Neste breve corpo de três biografias em banda desenhada de artistas visuais ou plásticos, entramos em território holandês, com um pintor de uma época mais recuada, e com um autor que, contemporâneo, já revelou o seu contínuo interesse por uma “língua antiga”. Espécie de biografia inventada – dada a ausência de dados biográficos sólidos, com poucas excepções pontuais e em segunda mão, sobre o pintor Jeroen van Aeken de ‘s-Hertogenbosch, mais conhecido por Jerónimo ou Hieronymus Bosch -, Marcel Ruijters opta por subsumir toda e qualquer pesquisa inerente ao título à ideia de perseguirmos o trajecto de um pintor na sua ascensão e conquista de algum nome. Hieronymus não reconta toda a sua vida de fio a pavio, mas inicia-se na vida adulta do pintor. E não procura criar nenhum mecanismo de explicação definitiva dos seus mais famosos quadros, os quais não perfazem, na verdade, a maioria do que se lhe pode atribuir com segurança: a esmagadora dos quadros que sobreviveram de Bosch são na verdade de matérias convencionais religiosas. Nesse sentido, e até pelo uso “mágico” que o autor da banda desenhada faz dos seus quadros, aqui e ali mostrando a sua feitura, mas obliquamente, e incorporando nas ideias internas de muitas personagens as estranhas e distorcidas criaturas que parecem criar um imaginário “Boschiano”, Hieronymus contribui sobremaneira para a manutenção de um certo mito. (Mais)
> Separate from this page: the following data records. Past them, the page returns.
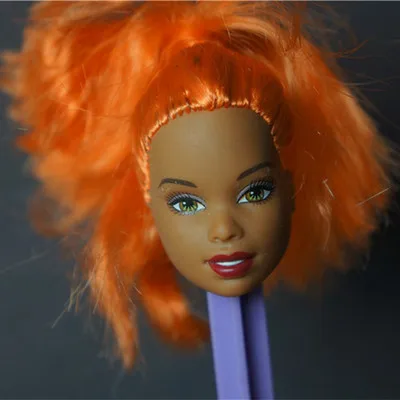 002 1/6 27cm doll head gift for girl collection toy with hair baby head make-up nuannuanmengwu dongcheng qibaoleyuan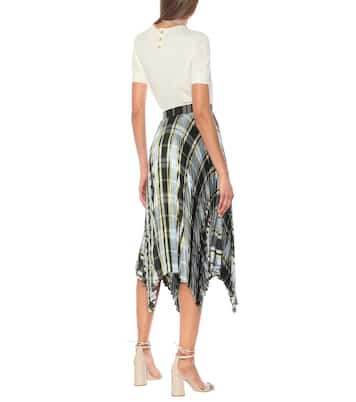 Falda midi de seda plisada | Tory Burch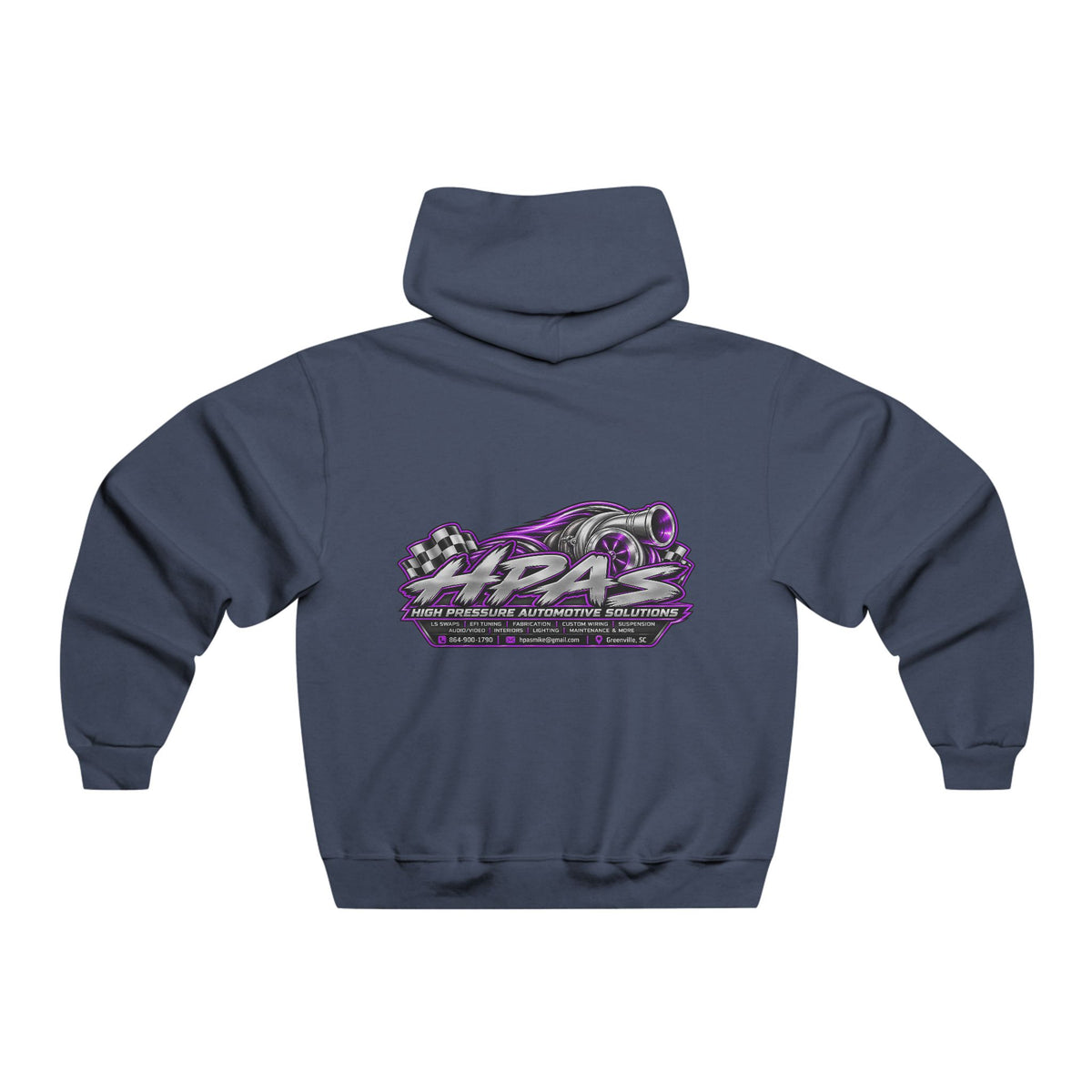 Hoodie - 'Warning: Slippery When Wet' Retro Racing Graphic Pullover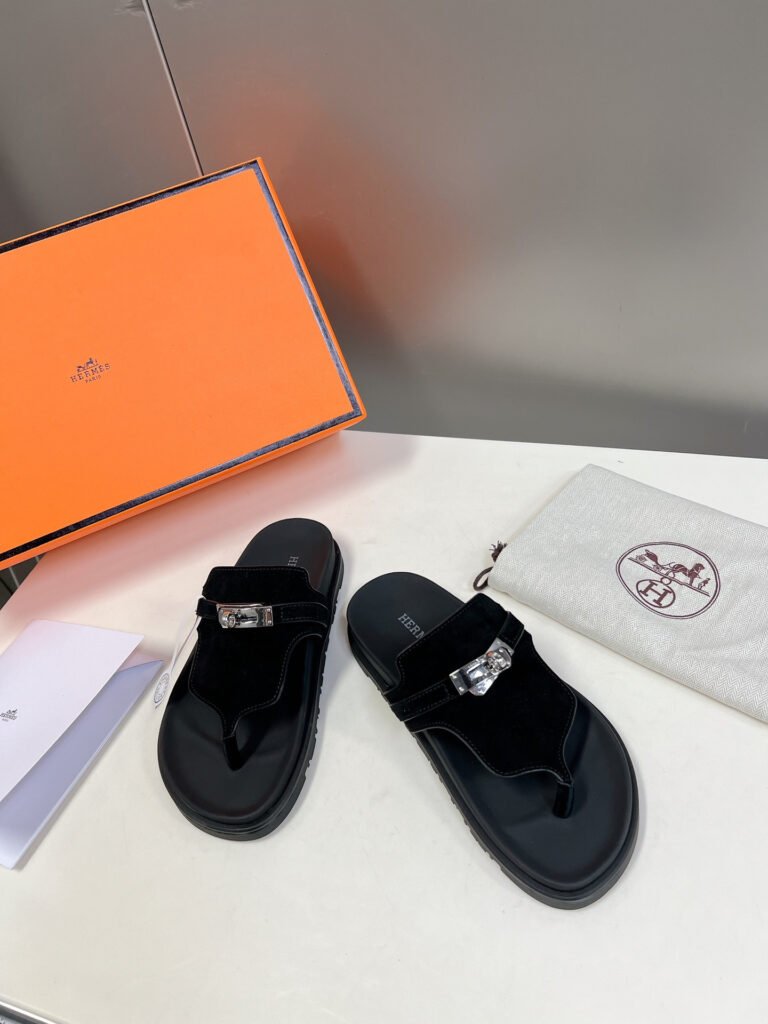 Hermès Unisex Slides detail 1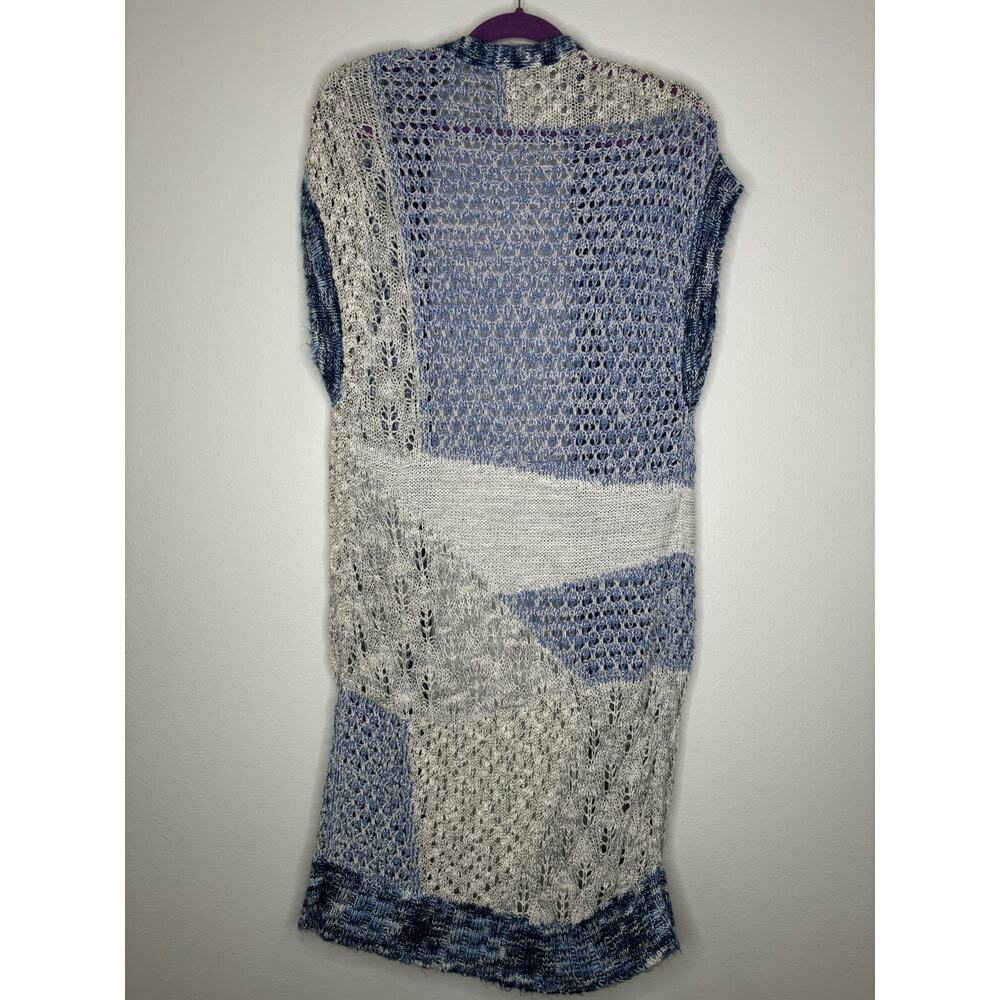 Chico's Patchwork Long Sweater Vest - image 2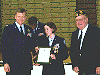 AMERICAN LEGION SCHOLASTIC AWARD - presented annually to a 3rd or 4th-year cadet based on overall scholastic achievements. The cadet must rank in the top 10% of their high school class and the top 25% of the As class, demonstrate leadership qualities, and actively participate in student activities.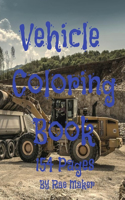 Vehicle Coloring Book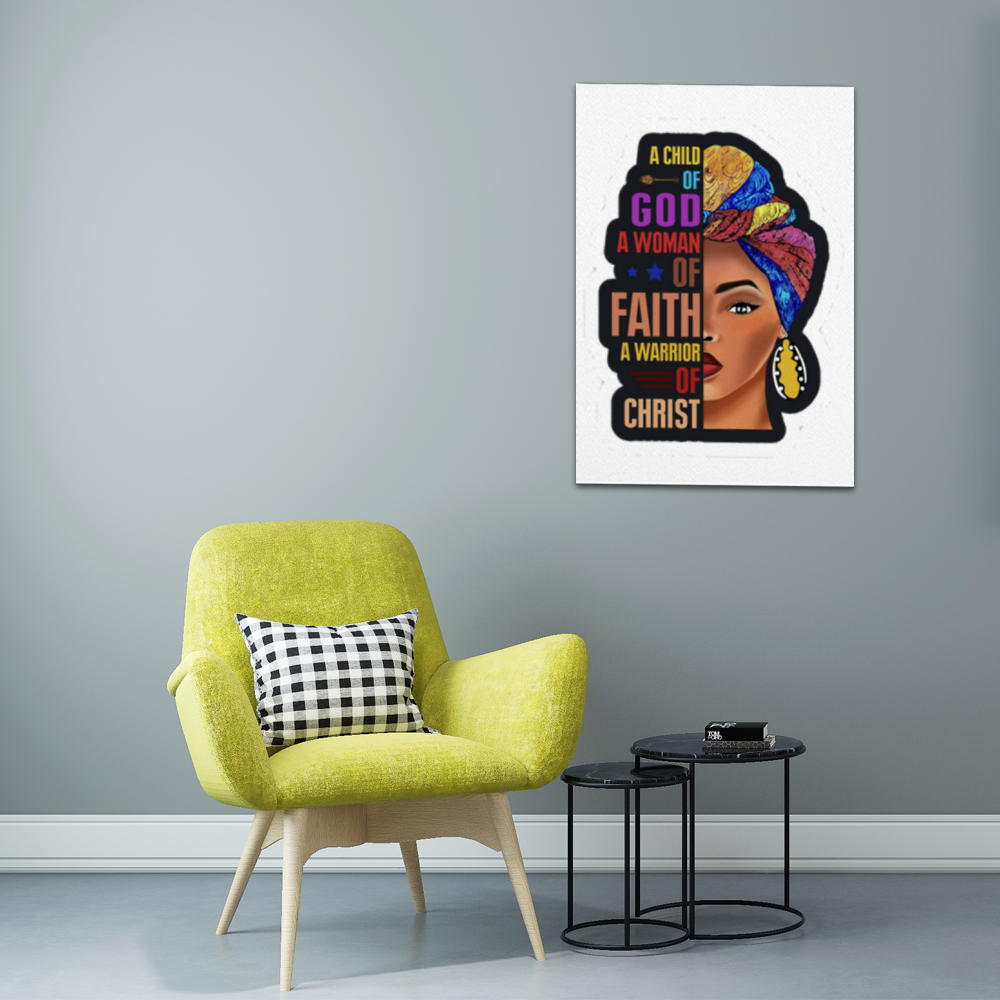 African Christian Woman Wall Art Print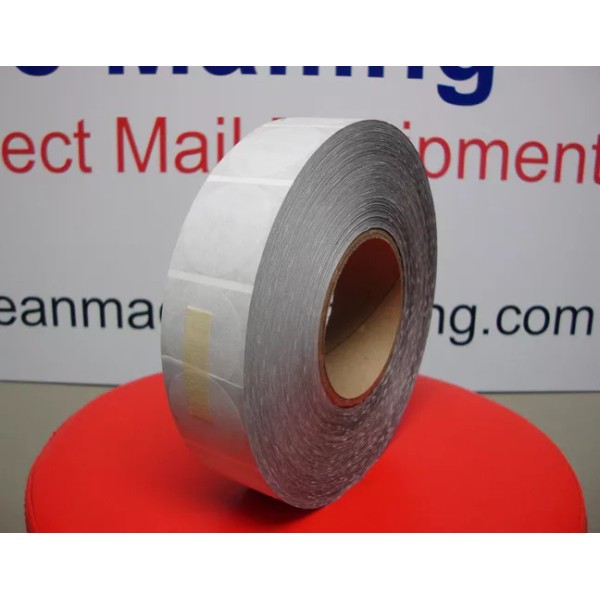 Clean Machine Mailing Frosted Translucent 1.5" Round Label Tab Wafer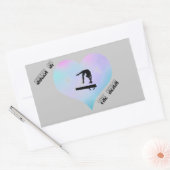 ビーム長方形体操ステッカーの女王 長方形シール (封筒)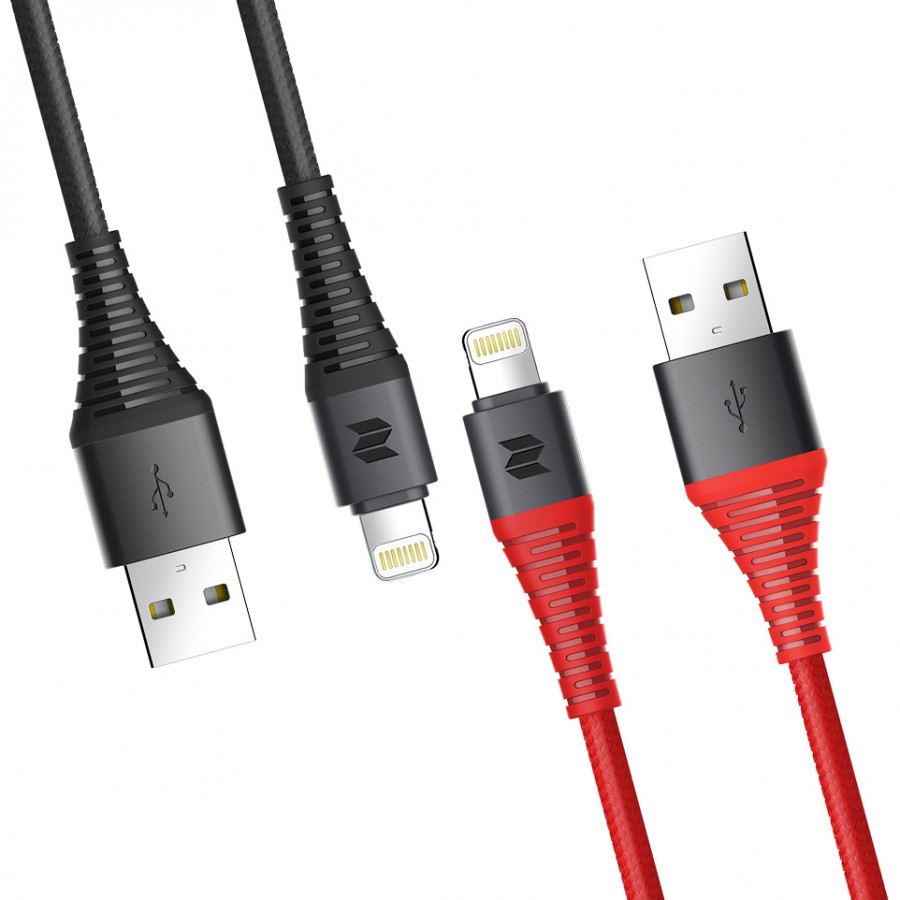 Rock Space Z8 Hi-Tensile Lightning Şarj ve Data Aktarım Kablosu 120cm 2.1A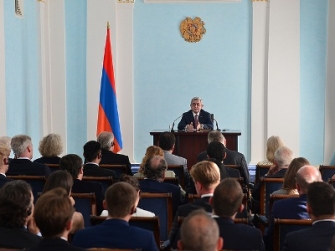 Սերժ Սարգսյան. Ադրբեջանն ամեն կերպ աշխատում է փակ պահել ԼՂ թեման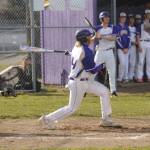 Sequims Ricky Jennings looks for a base hit in a league game against Bremerton on April 19. Sequim Gazette photo by Michael Dashiell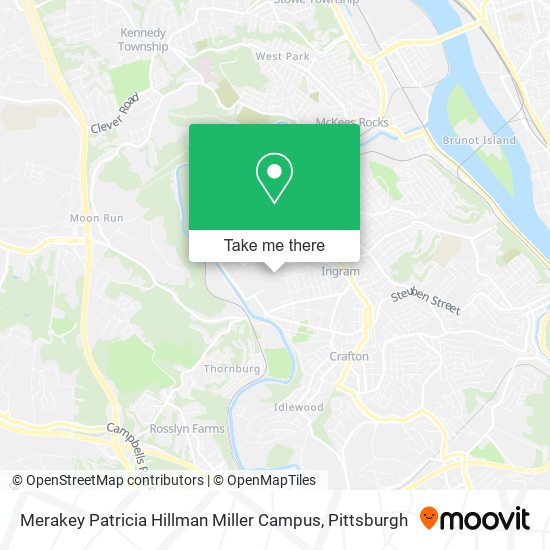 Merakey Patricia Hillman Miller Campus map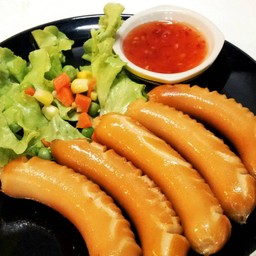 ไส้กรอกทอด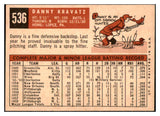 1959 Topps Baseball #536 Dan Kravitz Pirates NR-MT 453734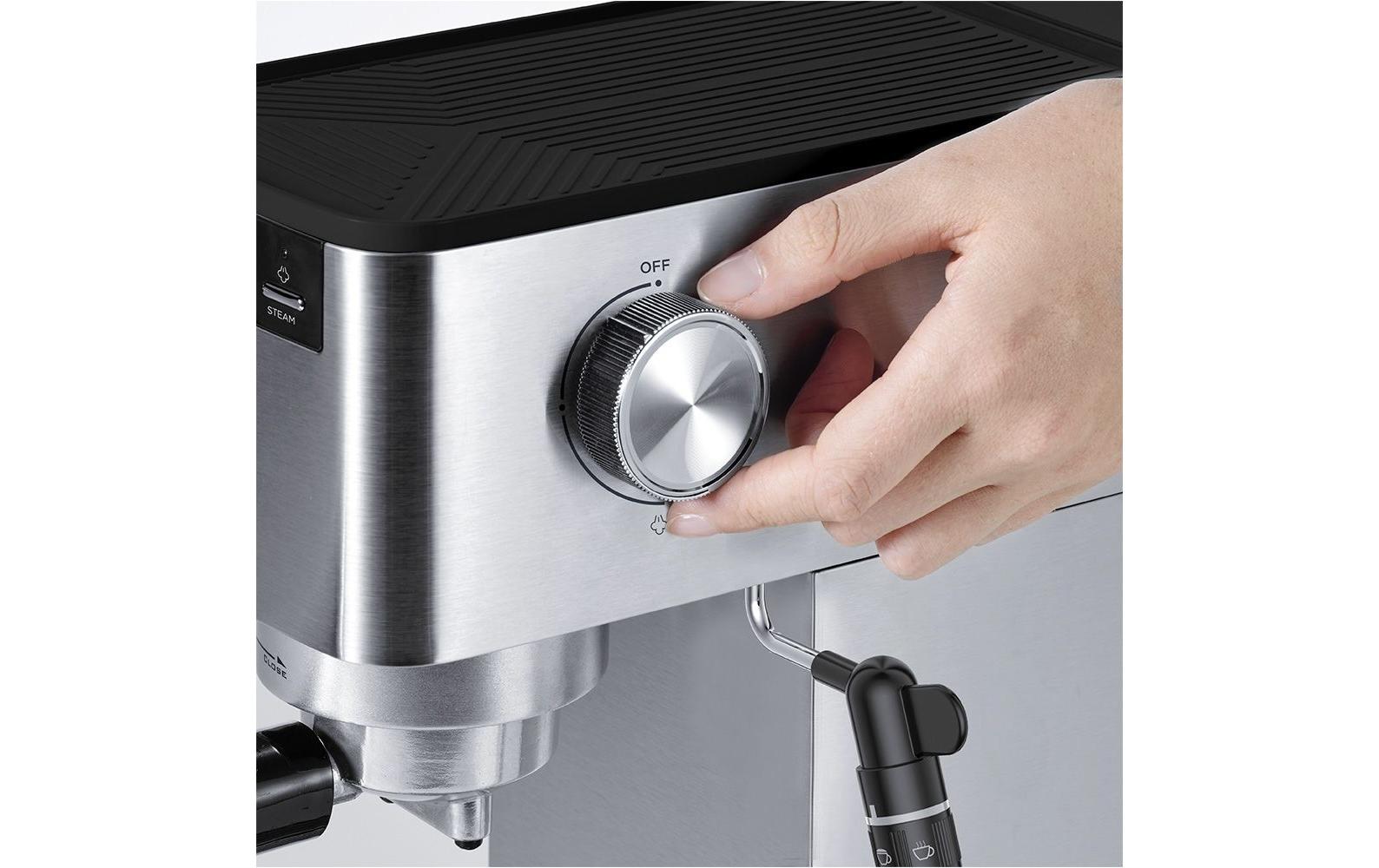 Polti Siebträgermaschine Coffea P10S Silber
O “afastamento da realidade” da parte de Bosch não pode ser visto como um problema de valor da arte, uma vez que ele é mesmo função de uma abordagem que contemplaria a integração da fantasia (positiva ou negativa) na própria compreensão do mundo, sobretudo se tivermos em conta um enquadramento de crenças e expectativas informadas por princípios e narrativas religiosas que muito dificilmente conseguiremos entender hoje, dado o grau de laicização e racionalismo que impera (inclusive nos próprios crentes, os quais, mesmo esperando uma recompensa de vida após a morte, não temerão um Inferno físico e tortuoso). É certo que existem teorias que pretendem ver nas imagens mais fantásticas do pintor holandês uma tradução de visões místicas (tremendas), soluções alquímicas ou até alucinações provocadas por substâncias alcalóides (como a hipotética ingestão de pão bolorento com cravagens, levando ao ergotismo, ou “fogo de Santo António”, como é citado no texto), mas a imputação de uma categoria como o “surrealismo” num contexto medieval é errónea, uma vez que não tem em conta precisamente a mundividência medieval, a qual não categorizava essas diferenças que agora nos parecem claríssimas entre “mundos da vigília e “onírico”, “loucura e normalidade”, etc. (vide Foucault). A pintura de Bosch é reveladora de uma visão relativamente conservadora da moral – recordemo-nos de que o pintor não era seguidor das novas tendências, então “modernas”, da arte perseguida pelos seus compatriotas do sul, segundo as lições de Gombrich, instilando-lhe um certo “gosto antigo” -, mas que ainda assim revela algum fascínio pela sensualidade carnal e secular. Daí o visível parodoxo de forças morais nas suas pinturas mais famosas.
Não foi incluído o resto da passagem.